┌─ SUPPLIED RECORDS
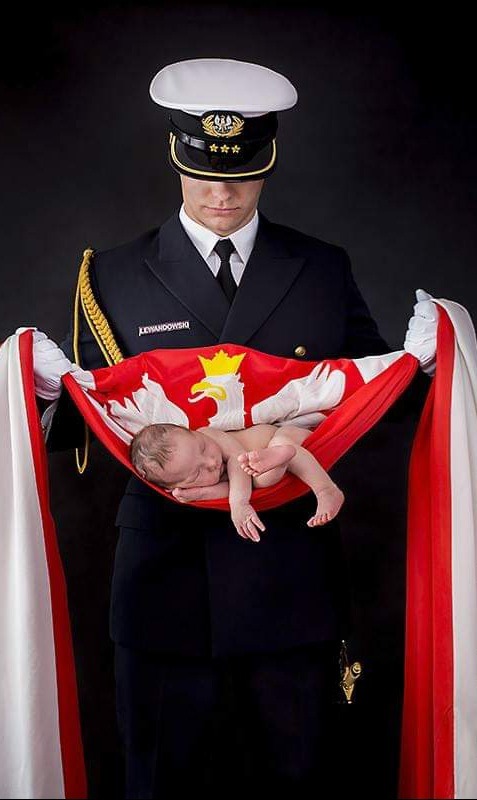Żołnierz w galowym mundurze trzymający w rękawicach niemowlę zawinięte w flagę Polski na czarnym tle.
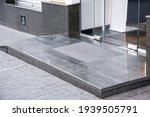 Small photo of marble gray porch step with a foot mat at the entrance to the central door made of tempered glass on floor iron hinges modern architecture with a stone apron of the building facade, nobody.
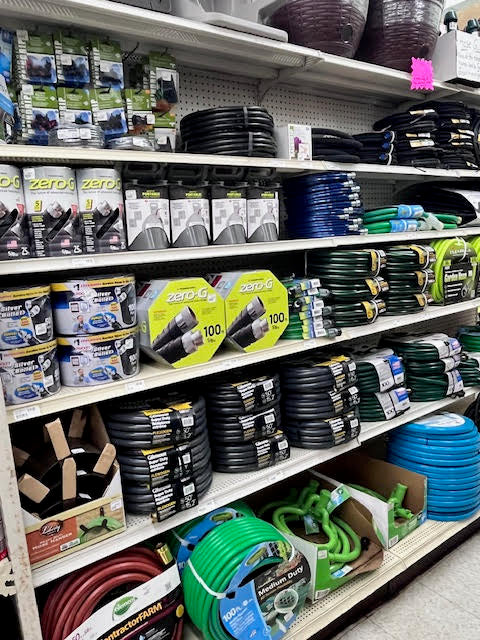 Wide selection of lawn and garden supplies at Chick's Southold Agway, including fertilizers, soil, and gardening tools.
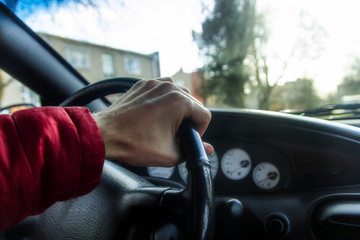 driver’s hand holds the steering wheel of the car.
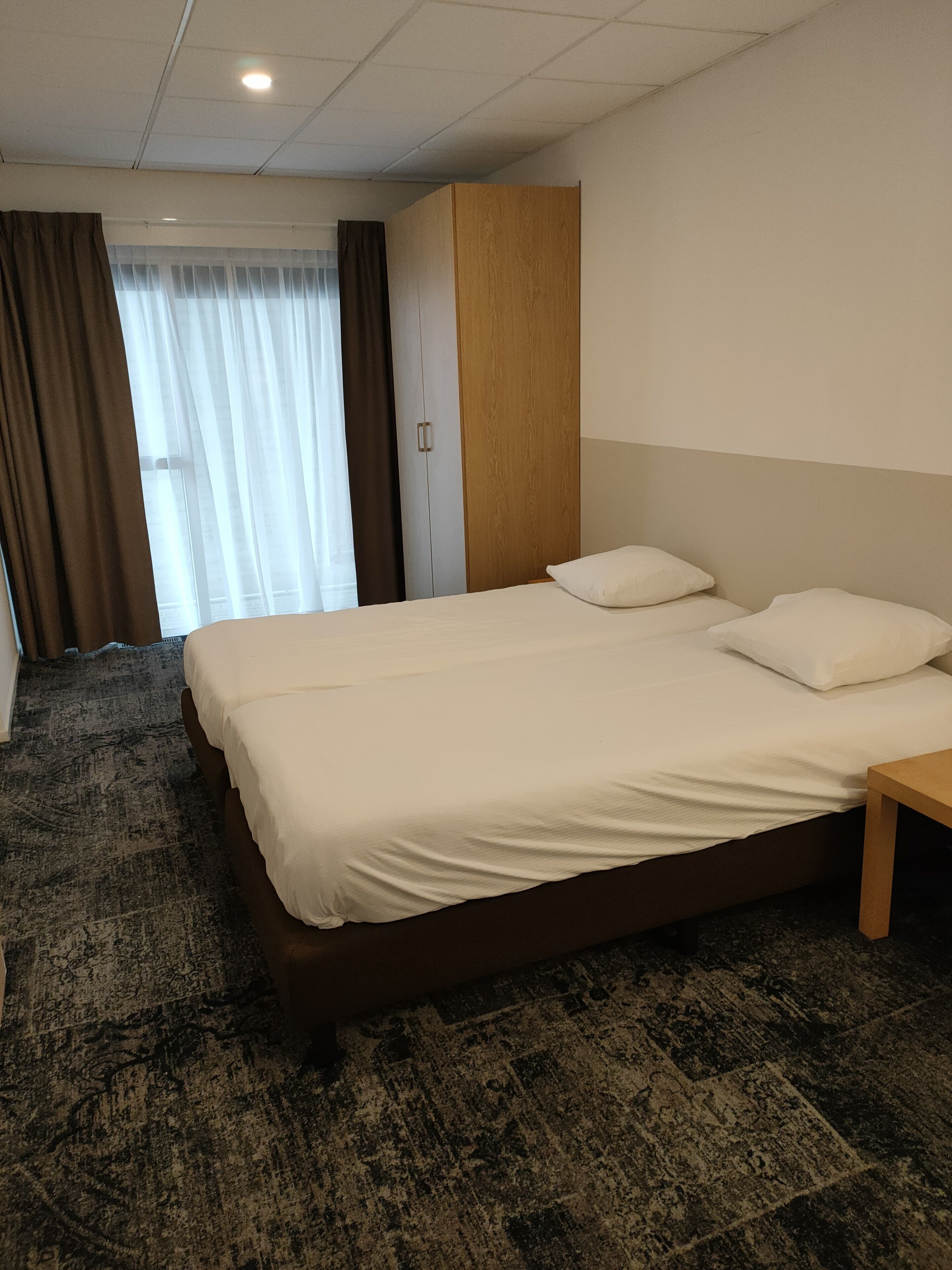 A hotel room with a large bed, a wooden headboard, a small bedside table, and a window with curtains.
└─
Write out exactly the lines from the one containing "Small photo of" to the last line of the records above, both included, and leave out any pictures.

 Small photo of marble gray porch step with a foot mat at the entrance to the central door made of tempered glass on floor iron hinges modern architecture with a stone apron of the building facade, nobody.
 Wide selection of lawn and garden supplies at Chick's Southold Agway, including fertilizers, soil, and gardening tools.
 driver’s hand holds the steering wheel of the car.
 A hotel room with a large bed, a wooden headboard, a small bedside table, and a window with curtains.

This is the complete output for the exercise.